Captioned web images —
»»

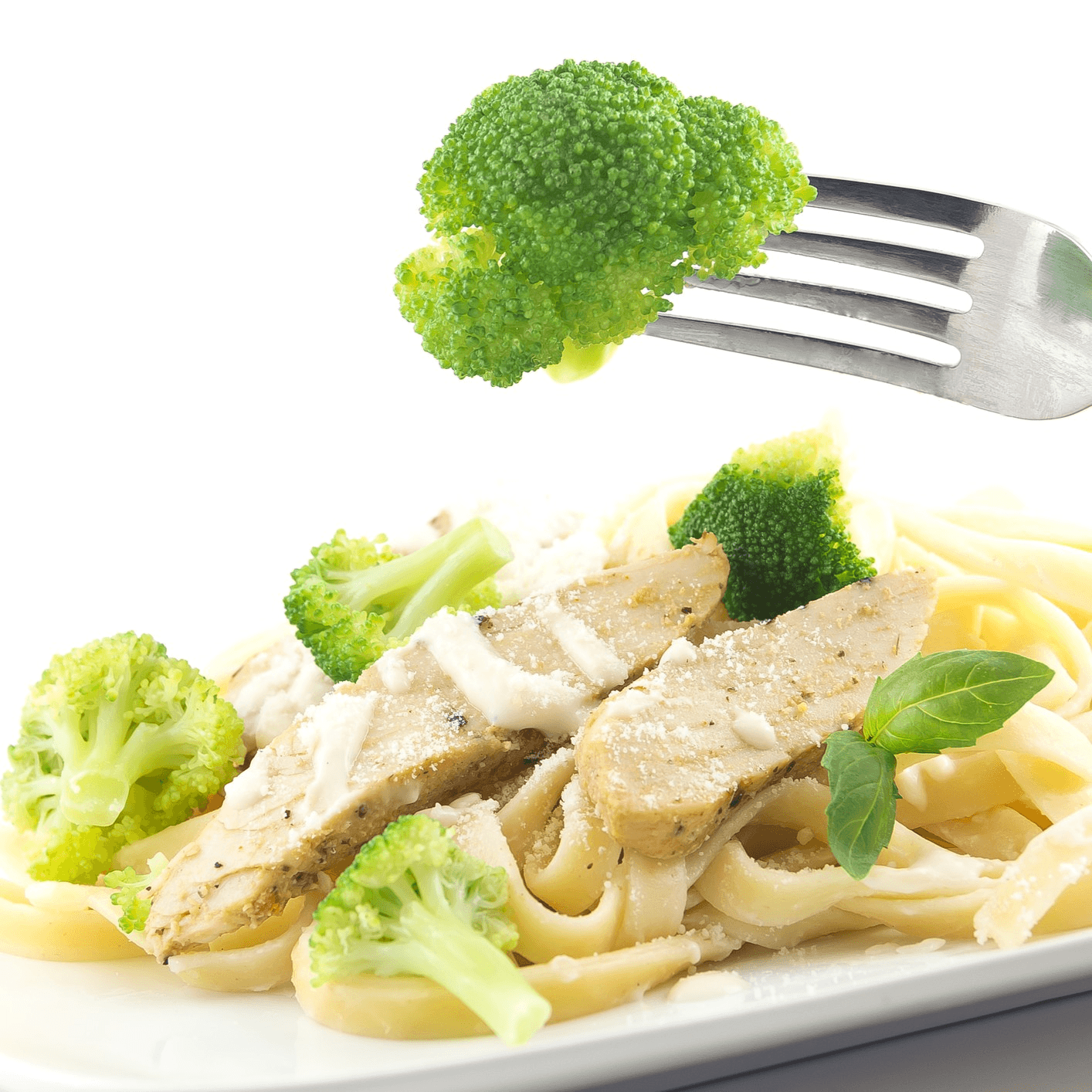 Chicken Fettuccine Alfredo with Broccoli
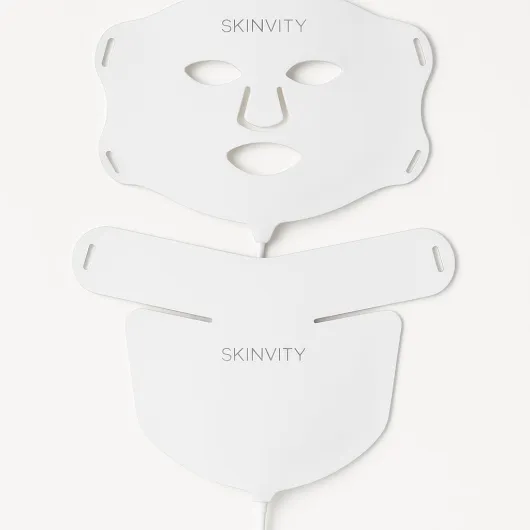 Masque facial LED en silicone - Photothérapie avec lumière rouge, bleue et infrarouge - Améliore la fermeté et la texture de la peau - Traitement anti-âge pour visage, cou et décolleté - De SKINVITY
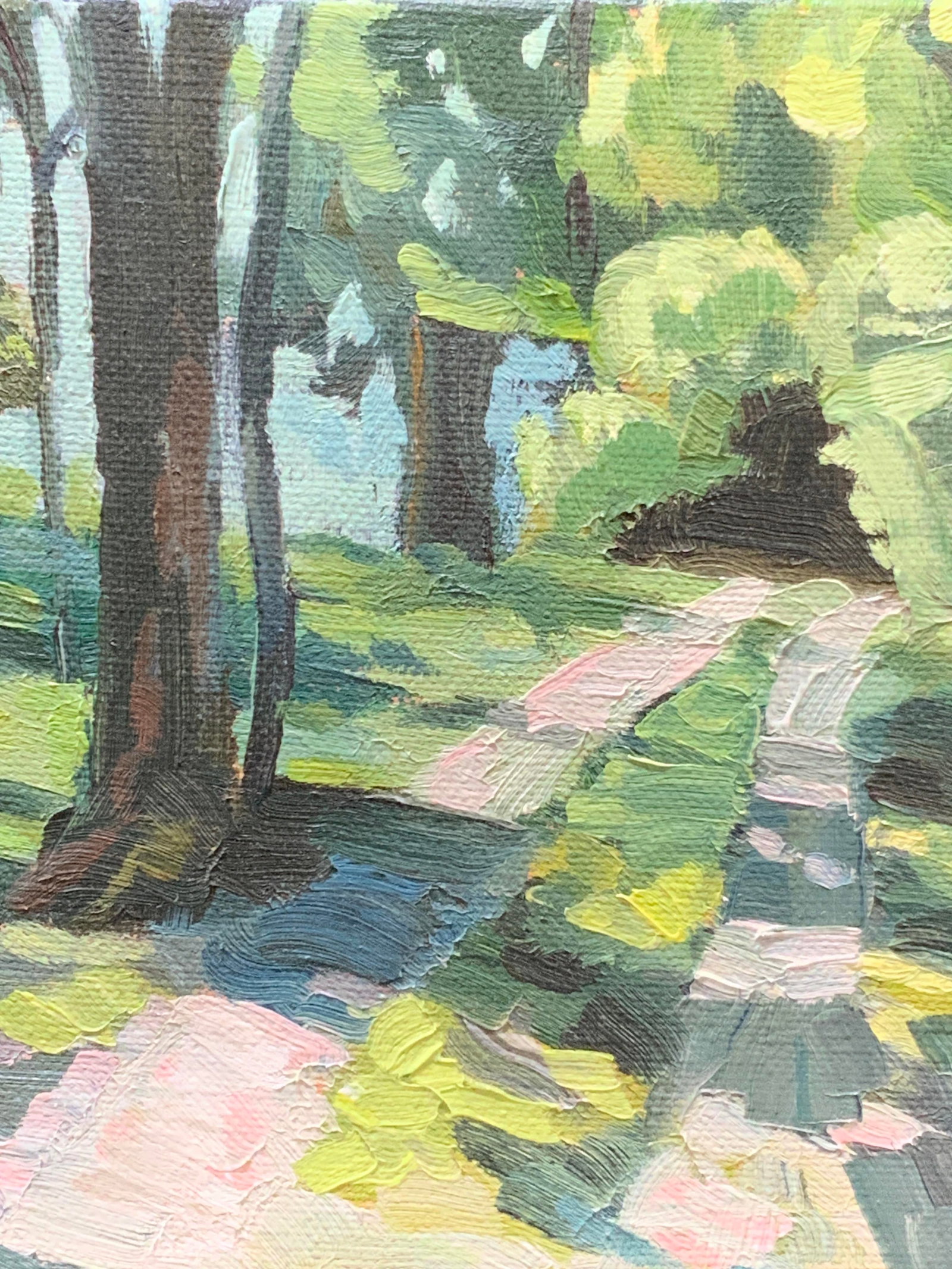 LDW Landscape Oil Painting On Canvas: Marked LDW 2009. Depicts a road within a forest. Framed in a black minimalist wooden frame approx 7.75 x 7.75 inches window measures 6 x 6 inches. Minor wearing to frame. Signed art, art, wall art, ho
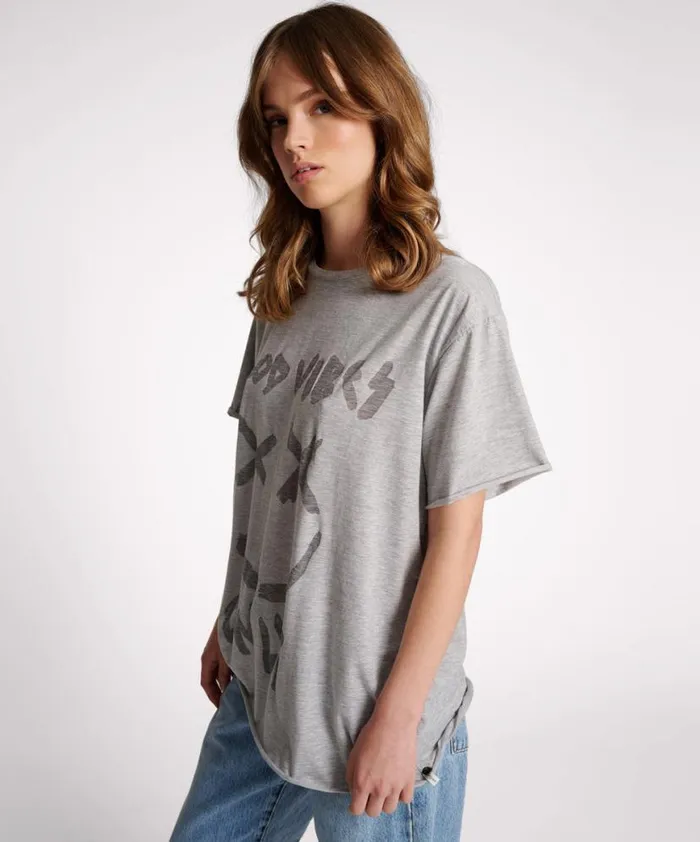 Women One Teaspoon Tees and Tanks GOOD VIBES ONLY OVERSIZED TEE Women One Teaspoon Tees and Tanks GOOD VIBES ONLY OVERSIZED TEE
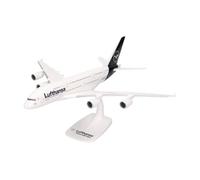 Herpa SnapFit Airplane Lufthansa Airbus A380 | Model airplane to assemble without glue, collectible for adults 14+, with stand, plastic, scale 1:250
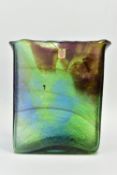 PER LUTKIN (1916-1998) FOR HOLMEGAARD, A RECTANGULAR LAVA GLASS VASE, signed to the base with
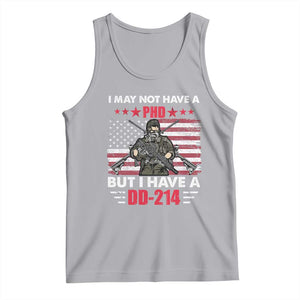 American Veteran Tank Top I May Not Have A PhD But Have A DD-214 US Bald Eagle TS02 Athletic Heather Print Your Wear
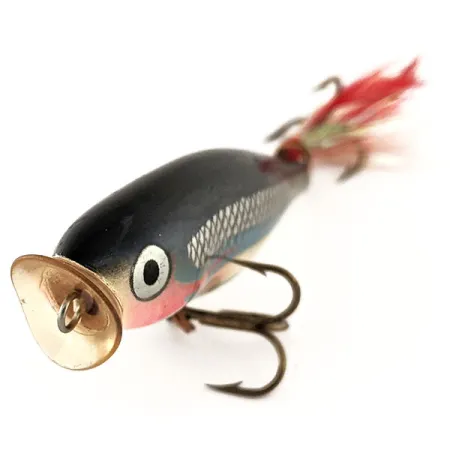 Rapala Skitter Pop SP 07 Popper, Silver Black, 7g, Trojhák s peřím, #11372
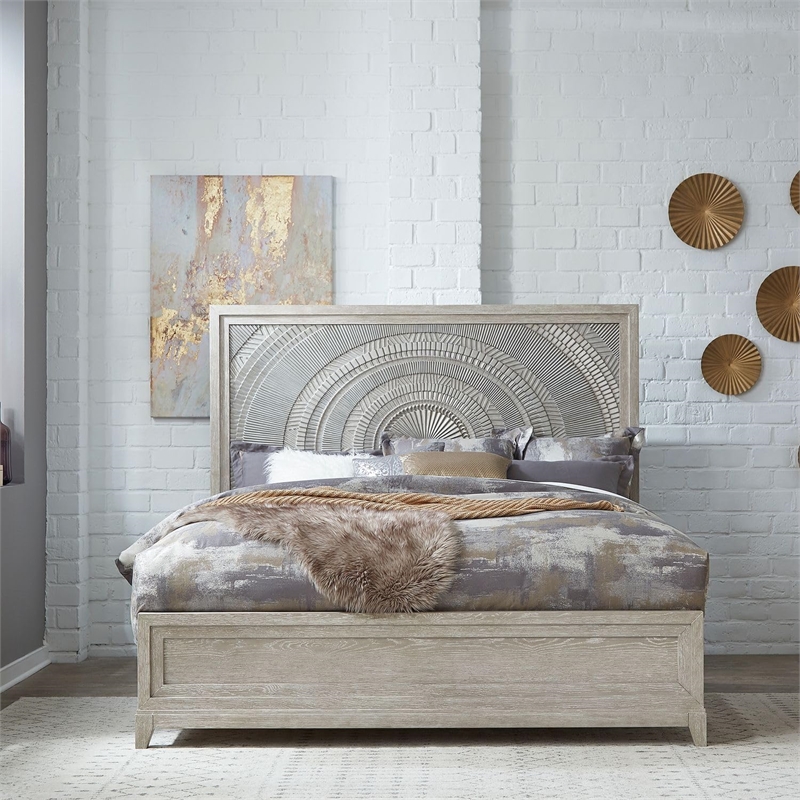 Belmar King California Upholstered Bed in Washed Taupe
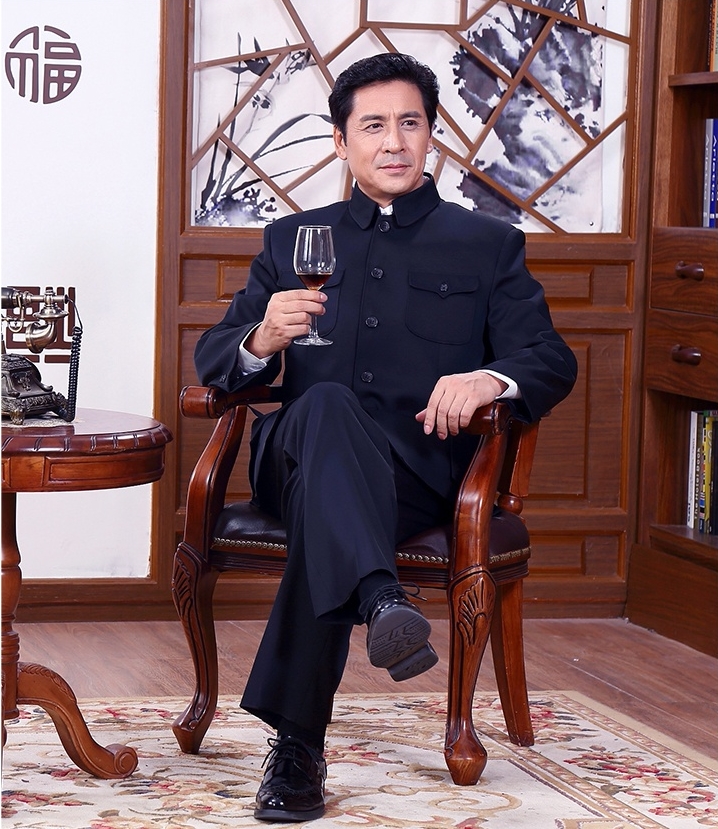 家佳樂文學精練大方中老年中山裝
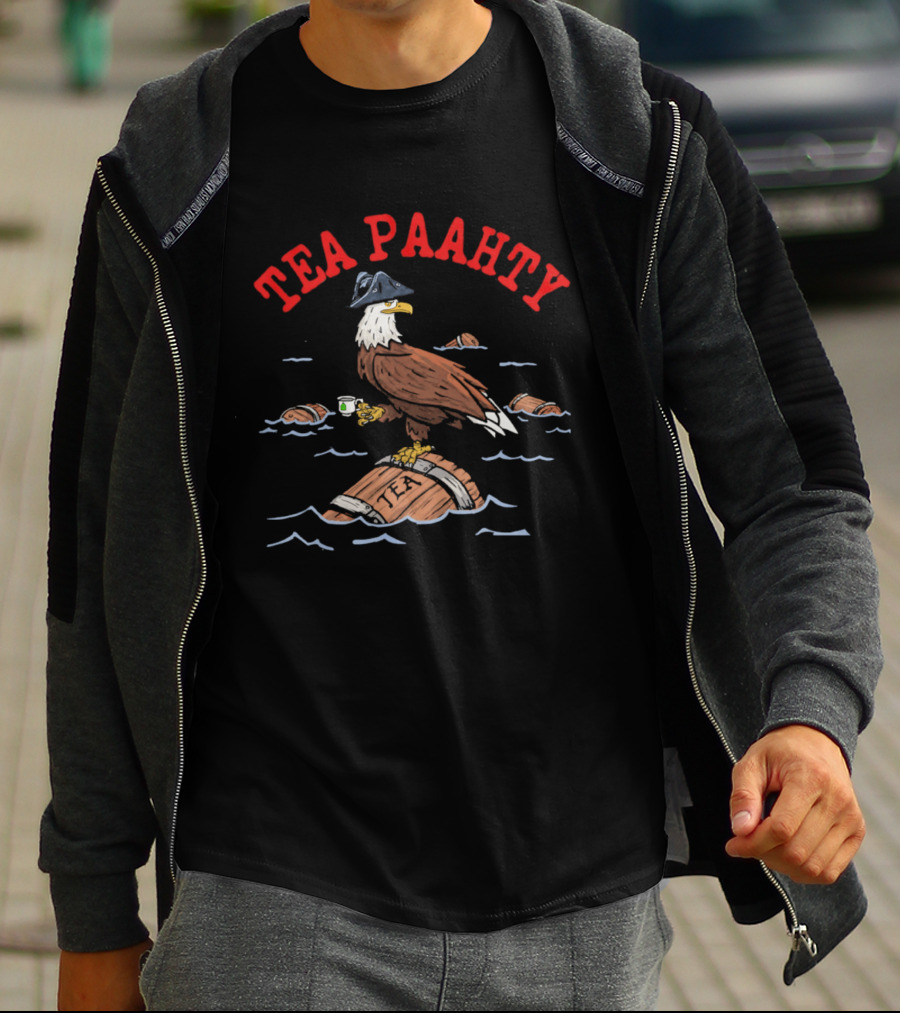 Tea Paahty Eagle With Tricorn Hat And Tea Cup On Barrel T-Shirt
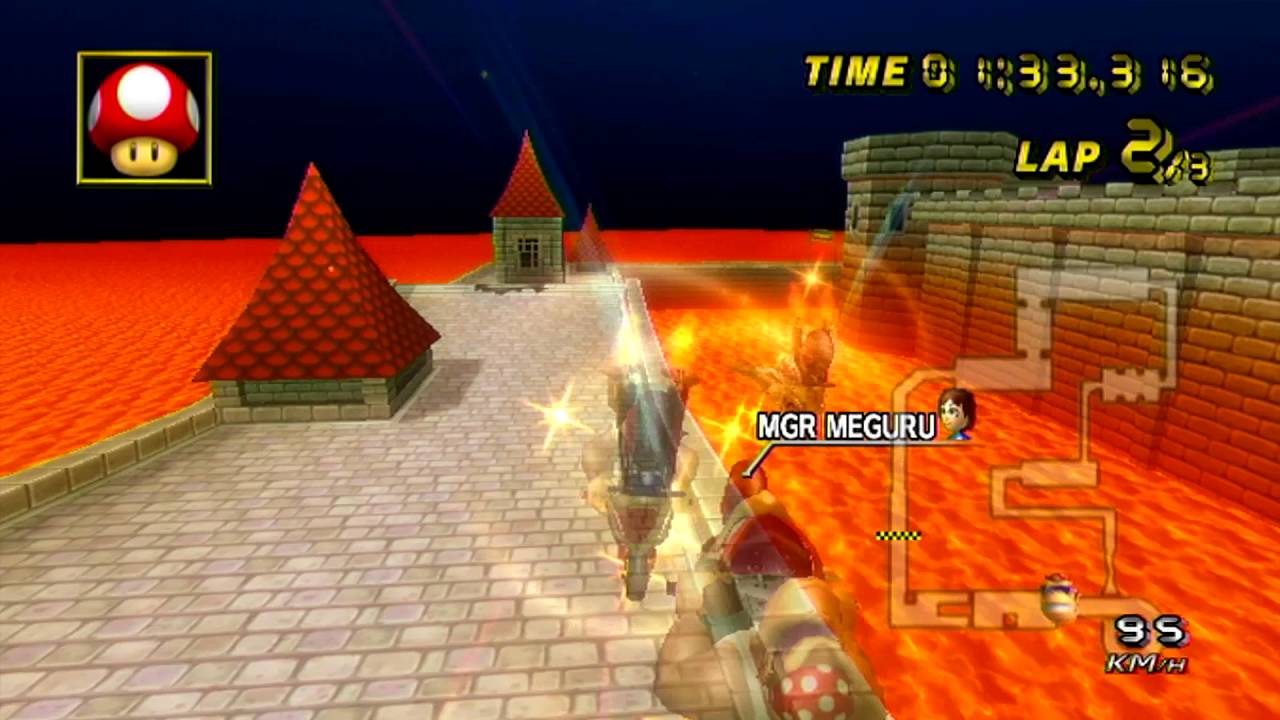 [MKWii] N64 Bowser's Castle Comparison - Meguru vs DK vs Ali vs Fuma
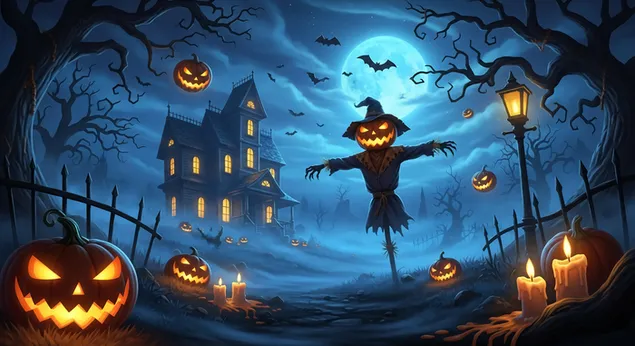 Scena za Noć vještica s ukletom kućom, nasmiješenim bundevama i strašilom pod punim mjesecom. 2K pozadina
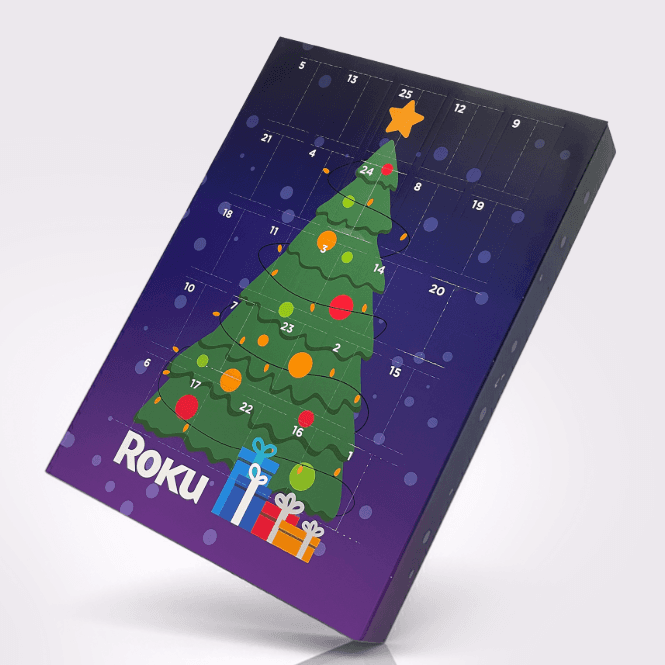 Custom branded advent calendar featuring a colorful Christmas tree design with numbered doors for daily surprises, created for Roku holiday campaign.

««

Problem statement —
The reply must hold each line of the records verbatim and no pictures.

Exercise response —
 Chicken Fettuccine Alfredo with Broccoli
 Masque facial LED en silicone - Photothérapie avec lumière rouge, bleue et infrarouge - Améliore la fermeté et la texture de la peau - Traitement anti-âge pour visage, cou et décolleté - De SKINVITY
 LDW Landscape Oil Painting On Canvas: Marked LDW 2009. Depicts a road within a forest. Framed in a black minimalist wooden frame approx 7.75 x 7.75 inches window measures 6 x 6 inches. Minor wearing to frame. Signed art, art, wall art, ho
 Women One Teaspoon Tees and Tanks GOOD VIBES ONLY OVERSIZED TEE Women One Teaspoon Tees and Tanks GOOD VIBES ONLY OVERSIZED TEE
 Herpa SnapFit Airplane Lufthansa Airbus A380 | Model airplane to assemble without glue, collectible for adults 14+, with stand, plastic, scale 1:250
 PER LUTKIN (1916-1998) FOR HOLMEGAARD, A RECTANGULAR LAVA GLASS VASE, signed to the base with
 American Veteran Tank Top I May Not Have A PhD But Have A DD-214 US Bald Eagle TS02 Athletic Heather Print Your Wear
 Rapala Skitter Pop SP 07 Popper, Silver Black, 7g, Trojhák s peřím, #11372
 Belmar King California Upholstered Bed in Washed Taupe
 家佳樂文學精練大方中老年中山裝
 Tea Paahty Eagle With Tricorn Hat And Tea Cup On Barrel T-Shirt
 [MKWii] N64 Bowser's Castle Comparison - Meguru vs DK vs Ali vs Fuma
 Scena za Noć vještica s ukletom kućom, nasmiješenim bundevama i strašilom pod punim mjesecom. 2K pozadina
 Custom branded advent calendar featuring a colorful Christmas tree design with numbered doors for daily surprises, created for Roku holiday campaign.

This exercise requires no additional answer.